SUMMARY: A Nebraska juvenile court has subject matter jurisdiction under the juvenile code over “any juvenile” lacking proper parental care by reason or fault of the parent regardless of where the child is residing at the time the petition is filed.

Breana, DOB 12/08, was removed from the custody of her mother on May 17, 2010, and placed with her maternal grandmother. Breana had been residing with her grandmother intermittently in Cass County since March 2009, but Kaylin, the mother, would remove the child whenever the grandmother reported Kaylin’s drug use to authorities. The May 17, 2010, removal was the result of a threat by Kaylin to remove Breana again. The petition was filed in Douglas County. At the Protective Custody Hearing, Kaylin and the father argued that the court lacked personal jurisdiction over Breana and that Douglas County was not the proper venue. On July 19, 2010, the juvenile court granted the motions to dismiss the case. The State appealed.

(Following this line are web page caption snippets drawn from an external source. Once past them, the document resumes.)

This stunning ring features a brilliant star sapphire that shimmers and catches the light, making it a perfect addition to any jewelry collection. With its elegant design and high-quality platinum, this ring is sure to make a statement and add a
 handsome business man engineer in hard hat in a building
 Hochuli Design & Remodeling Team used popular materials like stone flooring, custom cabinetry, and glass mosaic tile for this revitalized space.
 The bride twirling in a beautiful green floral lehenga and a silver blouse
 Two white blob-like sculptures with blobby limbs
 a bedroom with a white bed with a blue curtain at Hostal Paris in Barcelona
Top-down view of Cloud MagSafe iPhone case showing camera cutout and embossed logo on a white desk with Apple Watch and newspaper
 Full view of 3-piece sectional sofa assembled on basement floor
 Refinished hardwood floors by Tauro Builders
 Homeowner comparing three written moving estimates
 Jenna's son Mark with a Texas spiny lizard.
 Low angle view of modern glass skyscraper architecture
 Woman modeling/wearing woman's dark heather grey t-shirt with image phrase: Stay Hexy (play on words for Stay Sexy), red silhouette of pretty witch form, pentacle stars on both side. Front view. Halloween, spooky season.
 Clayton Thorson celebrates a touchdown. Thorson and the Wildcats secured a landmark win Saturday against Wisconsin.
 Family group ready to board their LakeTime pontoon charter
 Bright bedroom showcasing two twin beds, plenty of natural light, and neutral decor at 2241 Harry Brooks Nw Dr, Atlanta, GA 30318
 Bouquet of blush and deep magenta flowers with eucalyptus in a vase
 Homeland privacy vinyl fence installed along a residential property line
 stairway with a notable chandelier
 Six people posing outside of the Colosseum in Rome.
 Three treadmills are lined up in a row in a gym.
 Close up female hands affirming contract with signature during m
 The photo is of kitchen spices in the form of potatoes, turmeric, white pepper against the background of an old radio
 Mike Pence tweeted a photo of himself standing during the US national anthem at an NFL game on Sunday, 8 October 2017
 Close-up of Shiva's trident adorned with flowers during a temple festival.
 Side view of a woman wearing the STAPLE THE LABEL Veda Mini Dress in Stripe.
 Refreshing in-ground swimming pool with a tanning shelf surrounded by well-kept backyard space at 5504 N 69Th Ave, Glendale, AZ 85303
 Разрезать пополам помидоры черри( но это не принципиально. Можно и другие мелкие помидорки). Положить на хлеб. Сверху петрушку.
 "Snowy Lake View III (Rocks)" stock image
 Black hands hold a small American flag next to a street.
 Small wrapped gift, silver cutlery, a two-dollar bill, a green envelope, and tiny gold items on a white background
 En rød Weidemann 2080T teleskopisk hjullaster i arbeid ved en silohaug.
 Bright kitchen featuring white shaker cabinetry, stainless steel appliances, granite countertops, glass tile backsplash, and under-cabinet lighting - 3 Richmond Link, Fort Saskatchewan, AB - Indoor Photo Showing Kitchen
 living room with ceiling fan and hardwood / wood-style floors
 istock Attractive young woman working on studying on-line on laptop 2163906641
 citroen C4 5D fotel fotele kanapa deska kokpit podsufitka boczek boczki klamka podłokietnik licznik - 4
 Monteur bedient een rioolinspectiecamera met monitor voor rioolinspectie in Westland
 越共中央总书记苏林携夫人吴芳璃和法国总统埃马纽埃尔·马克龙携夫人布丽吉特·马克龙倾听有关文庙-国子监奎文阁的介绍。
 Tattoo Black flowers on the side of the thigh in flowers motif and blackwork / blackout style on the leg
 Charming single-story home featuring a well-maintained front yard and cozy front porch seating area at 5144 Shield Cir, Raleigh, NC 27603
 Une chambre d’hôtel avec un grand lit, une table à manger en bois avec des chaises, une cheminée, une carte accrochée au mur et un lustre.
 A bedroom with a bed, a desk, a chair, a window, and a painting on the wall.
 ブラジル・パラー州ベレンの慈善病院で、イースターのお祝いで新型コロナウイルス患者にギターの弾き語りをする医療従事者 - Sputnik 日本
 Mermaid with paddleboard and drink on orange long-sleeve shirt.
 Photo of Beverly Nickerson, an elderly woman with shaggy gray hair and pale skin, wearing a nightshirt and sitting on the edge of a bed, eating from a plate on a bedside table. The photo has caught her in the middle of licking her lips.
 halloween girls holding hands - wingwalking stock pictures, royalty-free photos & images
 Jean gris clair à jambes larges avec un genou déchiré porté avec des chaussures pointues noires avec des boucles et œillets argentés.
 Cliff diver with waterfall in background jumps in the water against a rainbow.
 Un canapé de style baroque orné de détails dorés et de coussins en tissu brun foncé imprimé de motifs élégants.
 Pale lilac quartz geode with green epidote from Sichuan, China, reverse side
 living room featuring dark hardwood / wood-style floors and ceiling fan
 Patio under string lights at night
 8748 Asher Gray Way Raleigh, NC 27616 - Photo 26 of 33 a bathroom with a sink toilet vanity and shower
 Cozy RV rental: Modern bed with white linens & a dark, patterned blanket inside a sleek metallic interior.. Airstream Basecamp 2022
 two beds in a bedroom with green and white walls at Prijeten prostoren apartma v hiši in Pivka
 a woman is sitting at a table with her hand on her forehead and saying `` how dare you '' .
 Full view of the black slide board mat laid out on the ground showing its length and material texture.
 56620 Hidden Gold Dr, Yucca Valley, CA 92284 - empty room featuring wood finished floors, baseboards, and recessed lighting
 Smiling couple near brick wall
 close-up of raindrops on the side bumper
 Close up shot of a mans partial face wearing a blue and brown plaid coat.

The Nebraska Court of Appeals reversed the juvenile court’s dismissal. The Court of Appeals first clarified the term “personal jurisdiction” to be “subject matter jurisdiction” in this case, which would grant the court the authority to hear certain actions, and not the authority to bind a particular person to a decision. Under the juvenile code, the juvenile court has far-reaching subject matter jurisdiction, namely under 43-247(3)(a) of any juvenile who lacks proper parental care by reason of fault or habits of the child’s parent, guardian or custodian. The Court of Appeals held that this broad subject matter jurisdiction is not limited by the child’s temporary residence in another county. As for venue, it was noted that proper venue is immaterial to whether a child falls within the meaning of 43-247(3)(a), and that 43-282 gives the court discretion after adjudication to transfer a case to a county where the child is living. The Court of Appeals therefore held that a juvenile court should not grant a motion to dismiss based on improper venue but should first hold an adjudication hearing, after which the matter of transferring the proceedings to another county would then be considered. The Court of Appeals finally noted that the Indian Child Welfare Act (ICWA) does not apply in the consideration of which court has jurisdiction because neither parent has filed a petition to transfer the case to tribal court.